Now this is the real Apple Pay!

Now this is the real Apple Pay!
By all accounts, 2019 was a pretty spectacular year for Apple, its customers and investors. The stock rose 89% during the 12 months and Apple made some changes to the iPhone that its fans were hoping to see. The camera was taken to another level with Night Mode, the addition of an ultra-wide lens, the use of computational photography with Deep Fusion and the introduction of Slowfies (a slow-motion selfie video). Apple also made the new models sturdier and enhanced the phones' water resistance. And battery life, once Apple's Achilles heel, is now one of the iPhone's strong suits.

Everything wasn't biscuits and gravy for Apple last year. The company's longest-running piece of vaporware, the AirPower wireless charger, was finally taken out to a backlot in Cupertino and shot last March. There was plenty of egg on Apple executives' faces that day.
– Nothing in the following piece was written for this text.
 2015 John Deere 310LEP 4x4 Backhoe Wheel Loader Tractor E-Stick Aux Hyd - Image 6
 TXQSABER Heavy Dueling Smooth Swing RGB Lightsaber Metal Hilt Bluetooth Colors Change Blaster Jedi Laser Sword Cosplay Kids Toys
But overall, Apple executives did a good job guiding the company through the 12 months and you might have expected to hear that CEO Tim Cook banked a higher bonus. But according to SEC filings (via CNBC), Cook's total pay for 2019 declined 8% from the prior year's figure.

Apple failed to exceed certain targets by the same amount it did in 2018


At $3 million, the CEO's base salary remained the same from 2018. But the difference in pay year-over-year came from a reduction in the target payout executives received. As Apple stated in the SEC filing, "In 2019, Apple’s performance exceeded the target performance goals for both net sales and operating income, resulting in a total payout of 128% of the target payout opportunity for each named executive officer." That was down from the 200% of the target payout that Apple executives received in 2018 and simply indicates that the company failed to exceed its financial targets last year by as much as it did the previous year. The targets for 2019 were $256.6 billion in net sales and $60.1 billion in operating income. The targets are based on various factors including the global economy, foreign exchange trends and trade conditions.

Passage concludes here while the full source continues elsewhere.